Baca Juga: Simak Rekomendasi Saham Bank Big Four yang Diproyeksi Pulih di Semester II-2024

Berikut 10 saham dengan kapitalisasi pasar terbesar BEI di akhir Juni 2024 dan Senin (22/7):

Juni 2024 22 Juli 2024
No Saham M.Cap (Rp triliun) No Saham M.Cap (Rp triliun)
1. BREN 1.348 1. BBCA 1.233
2. BBCA 1.211 2. BREN 1.211
3. TPIA 798 3. AMMN 810
4. AMMN 798 4. TPIA 809
5. BBRI 690 5. BBRI 737
6. BMRI 568 6. BMRI 619
7. BYAN 525 7. BYAN 583
8. TLKM 310 8. TLKM 307
9. DSSA 193 9. DSSA 222
10. ASII 181 10. BBNI 188

Selain ASII, pergeseran juga terjadi pada empat saham dengan market cap terbesar di BEI. Saham PT Bank Central Asia Tbk (BBCA) menyalip posisi PT Barito Renewables Energy Tbk (BREN) di posisi pertama. 
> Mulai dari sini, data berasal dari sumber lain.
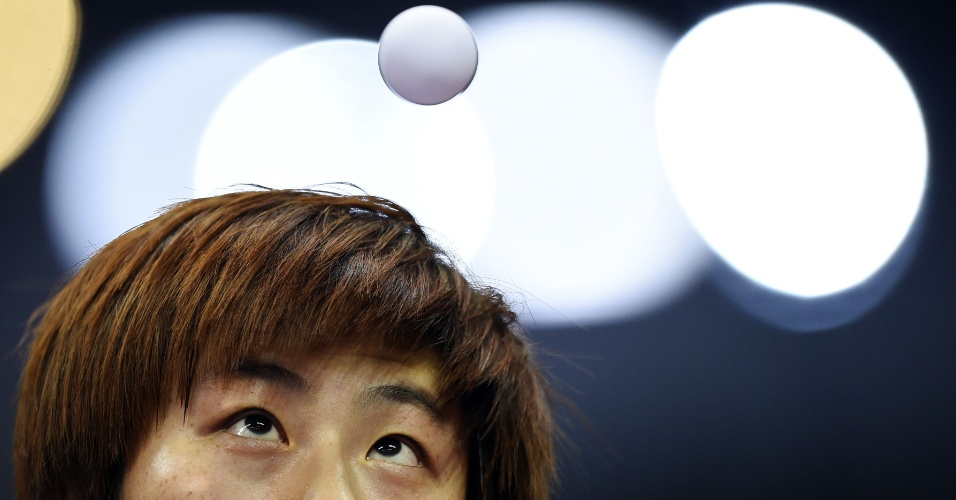 30.abr.2015 - Ding Ning, da China, saca durante partida de tênis de mesa contra Hirano Miu, do Japão, no 2015 World Table Tennis Championships, em Suzhou, na China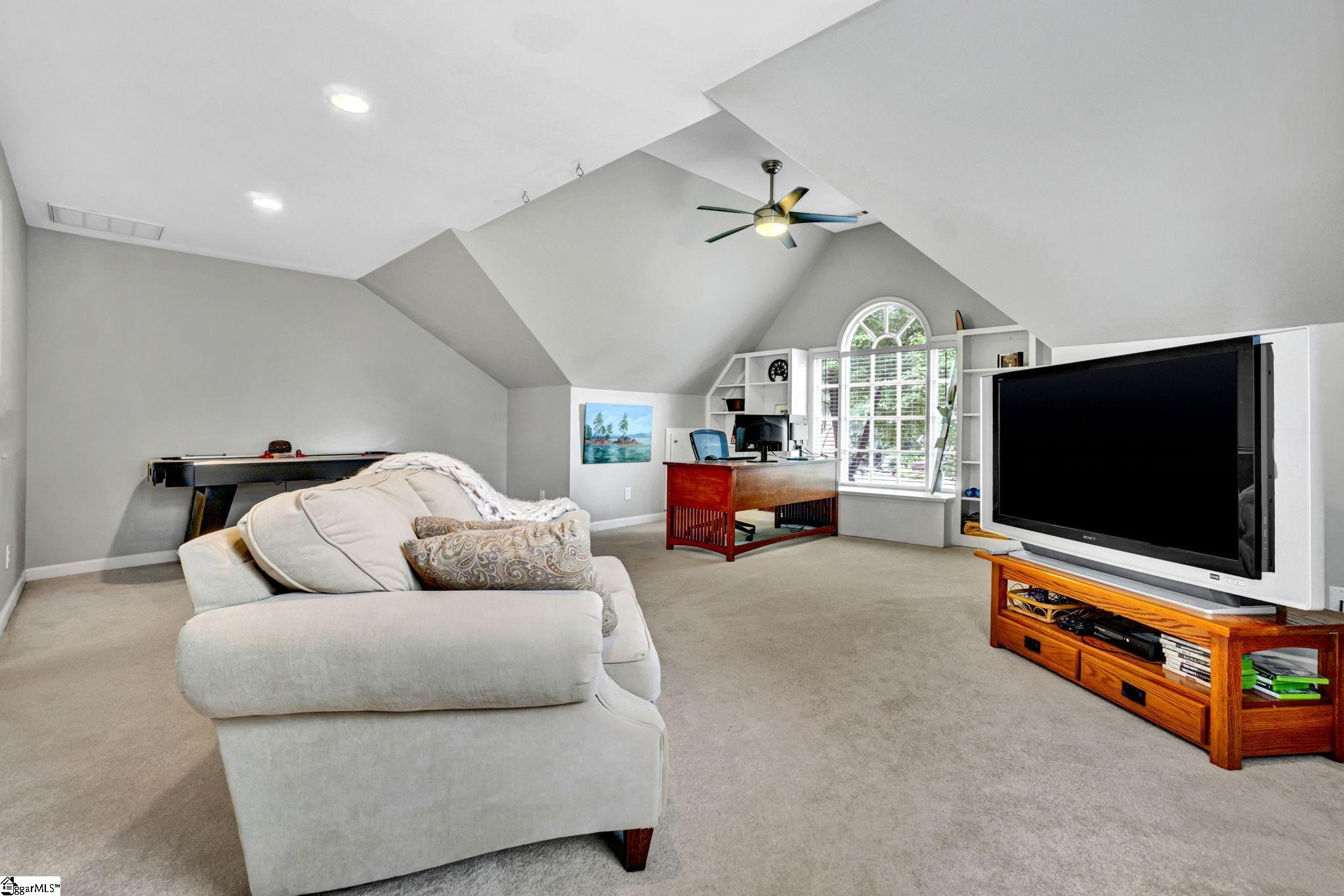 213 Winter Brook Lane Simpsonville, SC 29681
Pergantian ini terjadi karena saham BREN yang cenderung turun dalam sebulan terakhir. Sementara harga saham BBCA justru meningkat. 

Di posisi ketiga dan keempat, saham PT Amman Mineral Internasional Tbk (AMMN) dan PT Chandra Asri Pacific Tbk (TPIA) bersaing ketat dengan nilai market cap yang tidak berbeda jauh. Pergerakan kedua saham ini pun cenderung sejalan. 
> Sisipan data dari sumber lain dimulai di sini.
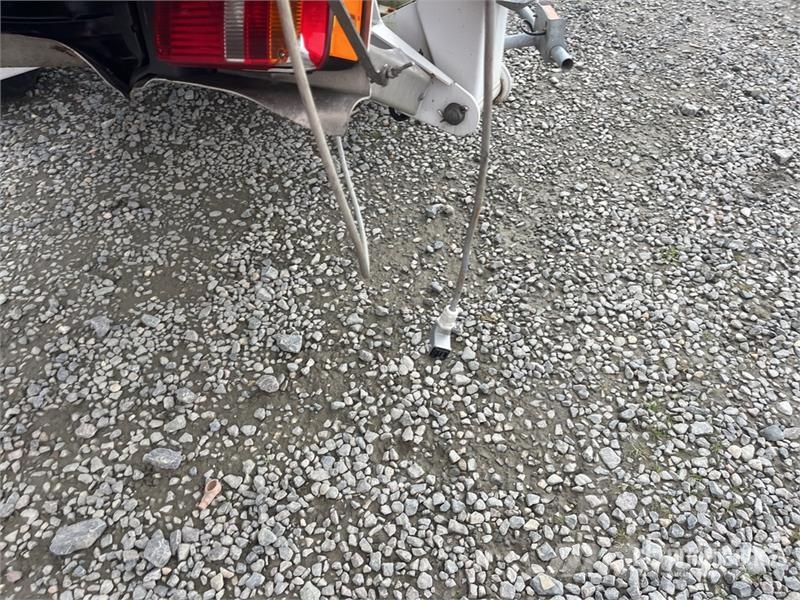 Dino 260XTD Towable Lift (Inoperable) Järelveetavad korvtõstukid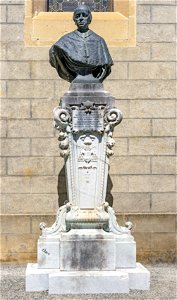Aspet - Monument au Cardinal Sourrieu
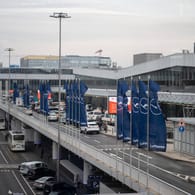 Terminal 1 am Flughafen Frankfurt (Archivbild): Drei der Männer belästigten Flugbegleiterinnen.
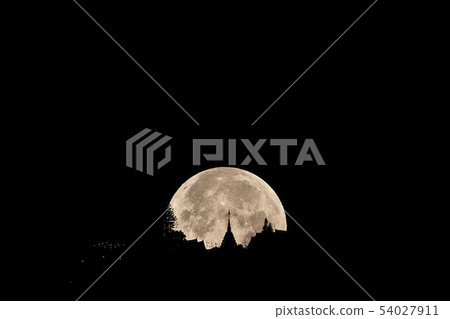 A Moonset A Moonset 54027911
Equity Research Analyst Kiwoom Sekuritas Indonesia Miftahul Khaer melihat, penurunan harga saham ASII membuatnya tidak lagi berada di jajaran top 10 market cap. Hal itu terjadi akibat respons dari penurunan kinerja di awal tahun ini.
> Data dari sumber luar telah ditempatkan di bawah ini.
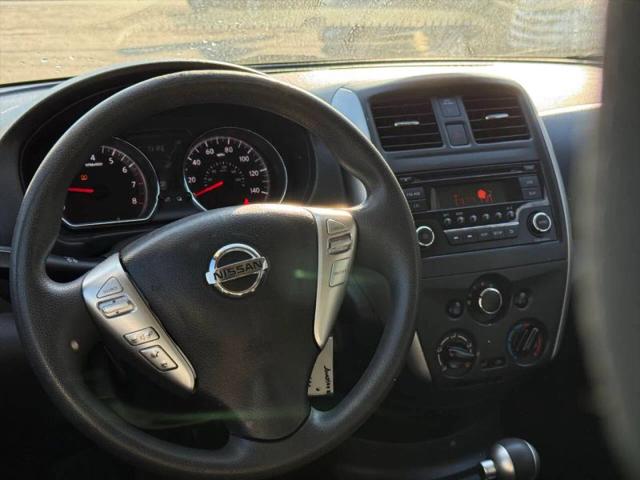 2016 Nissan Versa 1.6 SV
"Selain itu prospek serta sentimen yang masih kurang optimal juga turut menekan harga pasar ASII di periode awal tahun kemarin," jelas Miftahul pada Kontan.co.id, Senin (22/7).

Meski begitu Miftahul berpendapat potensi rebound saham ASII masih cukup besar. Terlebih lagi dari segi valuasi ASII tergolong sudah cukup priced in dan tergolong undervalued. Selain itu juga ada kemungkinan besar akan ada perbaikan kinerja di akhir semester I. Penjualan mobil Astra pada Bulan Juni 2024 meningkat 6,3% menjadi 43.908 unit dibandingkan bulan sebelumnya.

"Di tambah lagi adanya gelaran Gaikindo Indonesia International Auto Show (GIIAS) di awal Juli berpotensi mendatangkan momentum positif bagi Astra," ujar dia. 

Baca Juga: Enam Saham Bertukar Tempat, Ini Top 10 Market Cap IHSG Hingga Akhir Pekan

Direktur Ekuator Swarna Investama Hans Kwee juga berpendapat penurunan yang terjadi pada ASII ini disebabkan oleh sejumlah sentimen. Di antaranya adanya penurunan penjualan mobil secara nasional serta masuknya mobil listrik dari China pada pasar otomotif Indonesia.

"Selain itu juga ada faktor dari ruginya investasi pada GOTO dan asing yang mulai menjual saham ASII," ungkap Hans. 

Hans melihat tekanan pada ASII yang terjadi saat ini hanya bersifat sementara karena adanya pelemahan daya beli yang menekan penjualan. Di sisi lain, pada jajaran top 10 market cap di BEI Hans melihat  PT Bayan Resources Tbk (BYAN) berpotensi akan meningkat dari sisi kinerja dan sahamnya. Hal itu didorong dari harga batu bara yang dalam kondisi positif saat ini. 

"Sedangkan kalau BREN dan TPIA ini sahamnya bergerak anomali," ujarnya.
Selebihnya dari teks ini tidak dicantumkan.